RECORDS PROVIDED =>
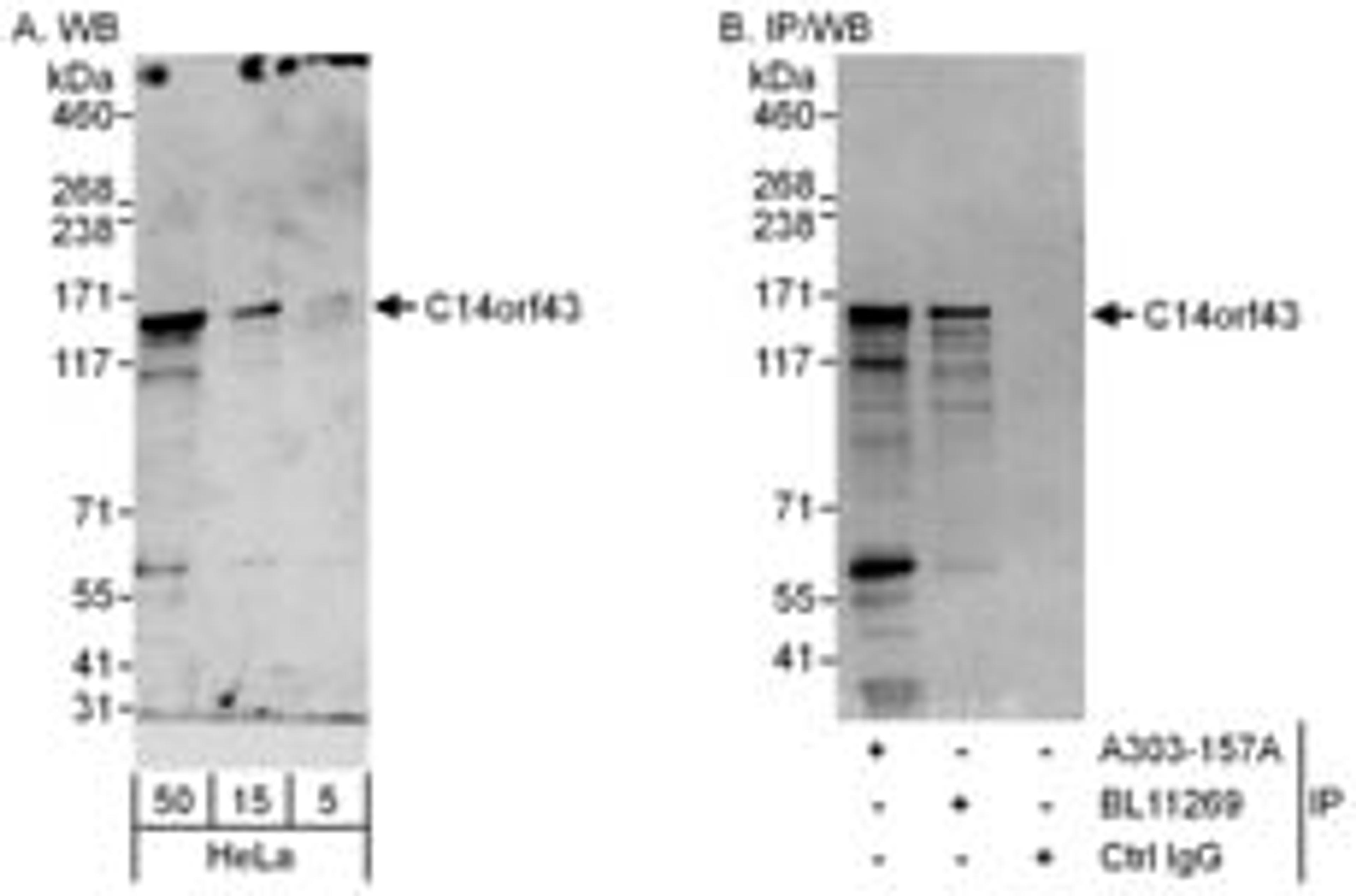 Detection of human C14orf43 by western blot and immunoprecipitation.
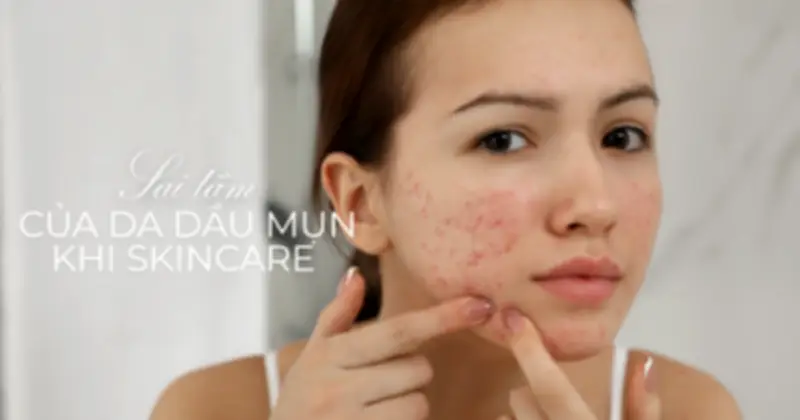 Da dầu mụn có cần dưỡng ẩm mùa nắng nóng? Chuyên gia giải đáp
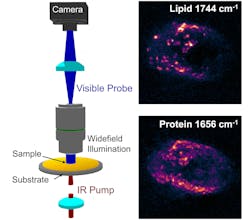 Cancer Imaging 5d3b3dd34e532 Cancer Imaging 5d3b3dd34e532
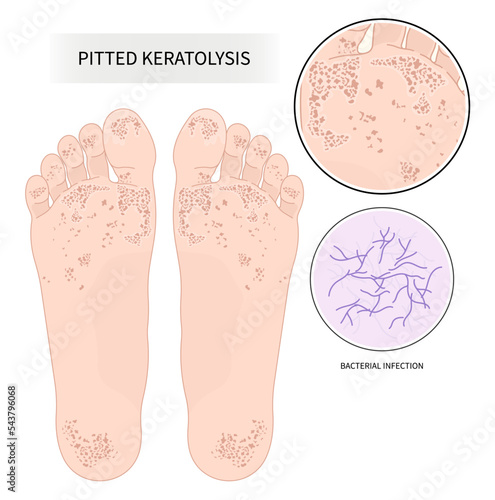 pitted keratolysis athlete's foot fungal heel wet cold skin  toe bacteria poor foul odor itchiness Sweat small hole footwear Basal cell rash Focal acral hyperkeratosis sore warts deep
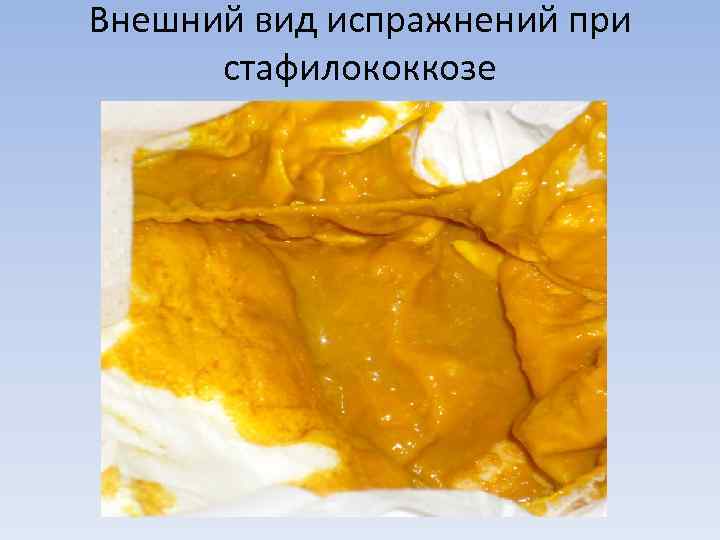 Внешний вид испражнений при  стафилококкозе 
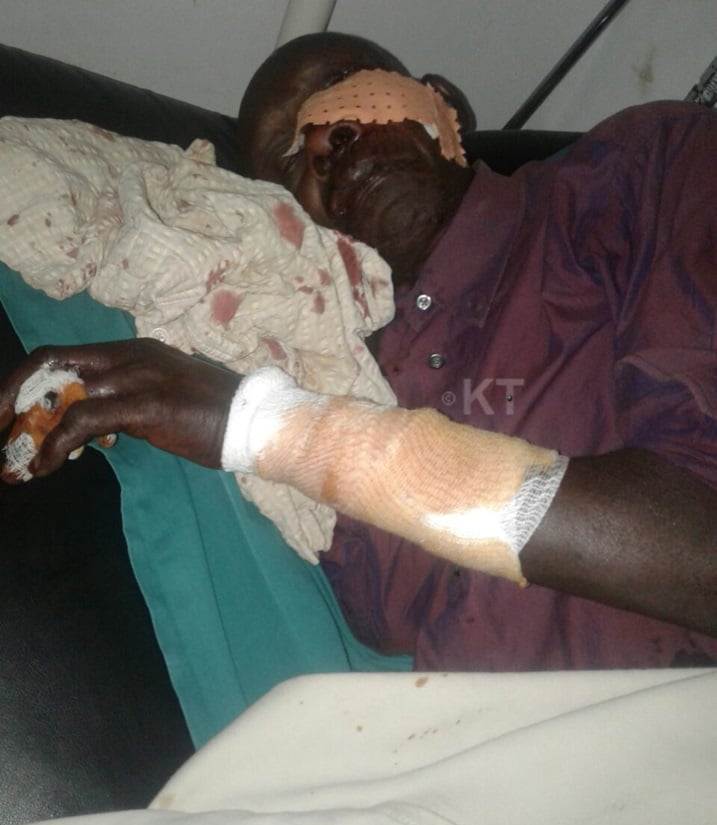 Uyu musaza w'imyaka 70 nawe arimo kwitabwaho n'abaganga nyuma yo kuzahazwa n'imbwa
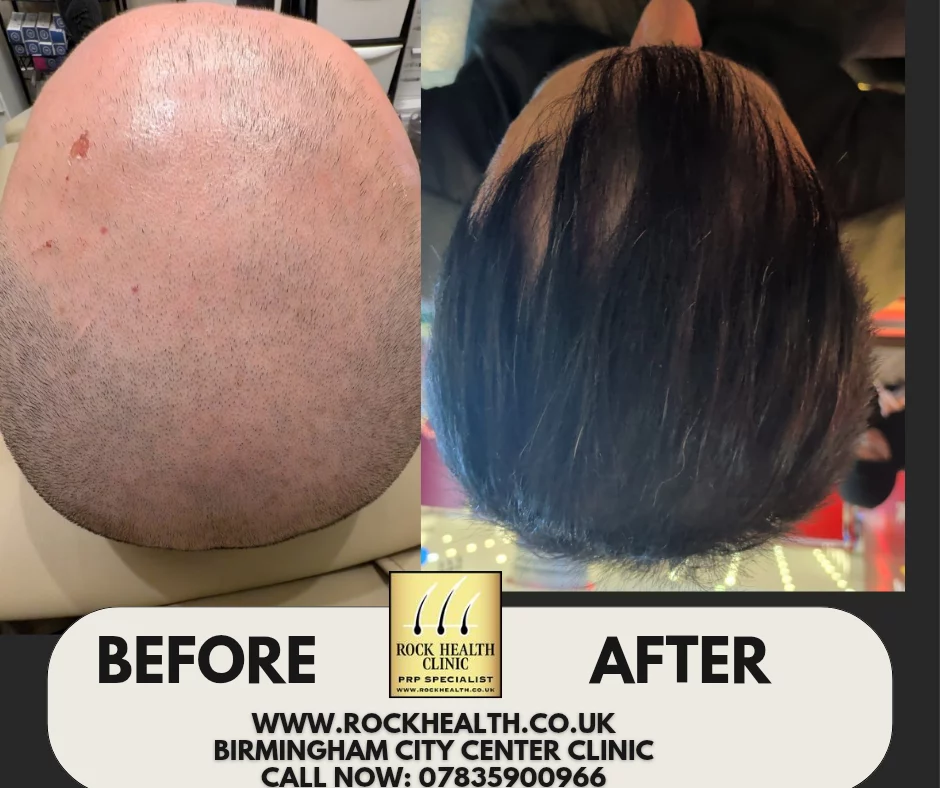 Rock Health Clinic in Birmingham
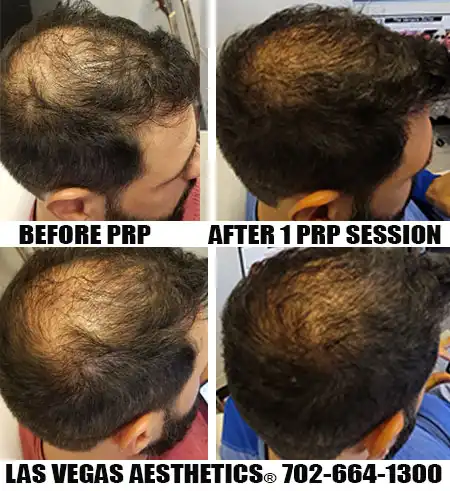 PRP hair restoration before and after, patient 4
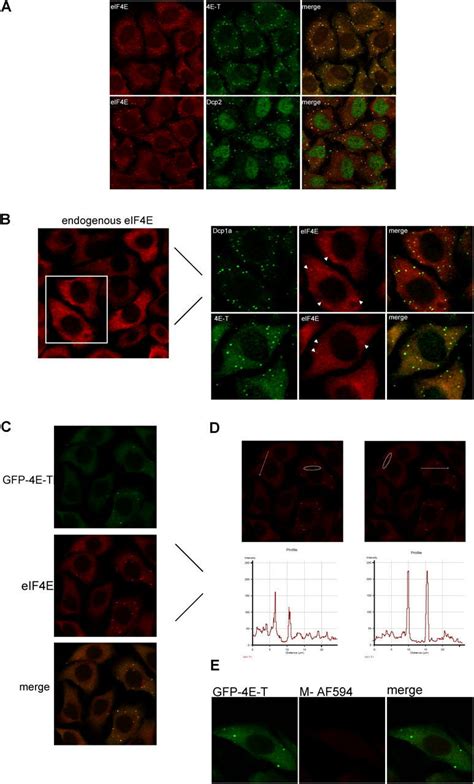 Eif4e Colocalizes With 4e T Dcp1a And Dcp2 In P Bodies A Hela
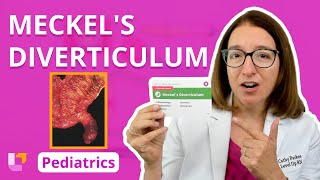 Meckels Diverticulum Alterations in Health  Gastrointestinal Pediatrics  LevelUpRN [upl. by Asyla]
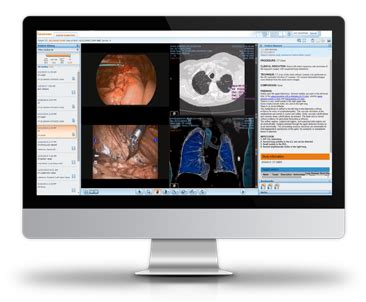 CARESTREAM Vue Motion User Guide.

YOUR TASK => Your output should be the full set of entries above, restated word for word and free of pictures.

SOLUTION TO THE EXERCISE =>
 Detection of human C14orf43 by western blot and immunoprecipitation.
 Da dầu mụn có cần dưỡng ẩm mùa nắng nóng? Chuyên gia giải đáp
 Cancer Imaging 5d3b3dd34e532 Cancer Imaging 5d3b3dd34e532
 pitted keratolysis athlete's foot fungal heel wet cold skin  toe bacteria poor foul odor itchiness Sweat small hole footwear Basal cell rash Focal acral hyperkeratosis sore warts deep
 Внешний вид испражнений при  стафилококкозе 
 Uyu musaza w'imyaka 70 nawe arimo kwitabwaho n'abaganga nyuma yo kuzahazwa n'imbwa
 Rock Health Clinic in Birmingham
 PRP hair restoration before and after, patient 4
 Eif4e Colocalizes With 4e T Dcp1a And Dcp2 In P Bodies A Hela
 Meckels Diverticulum Alterations in Health  Gastrointestinal Pediatrics  LevelUpRN [upl. by Asyla]
 CARESTREAM Vue Motion User Guide.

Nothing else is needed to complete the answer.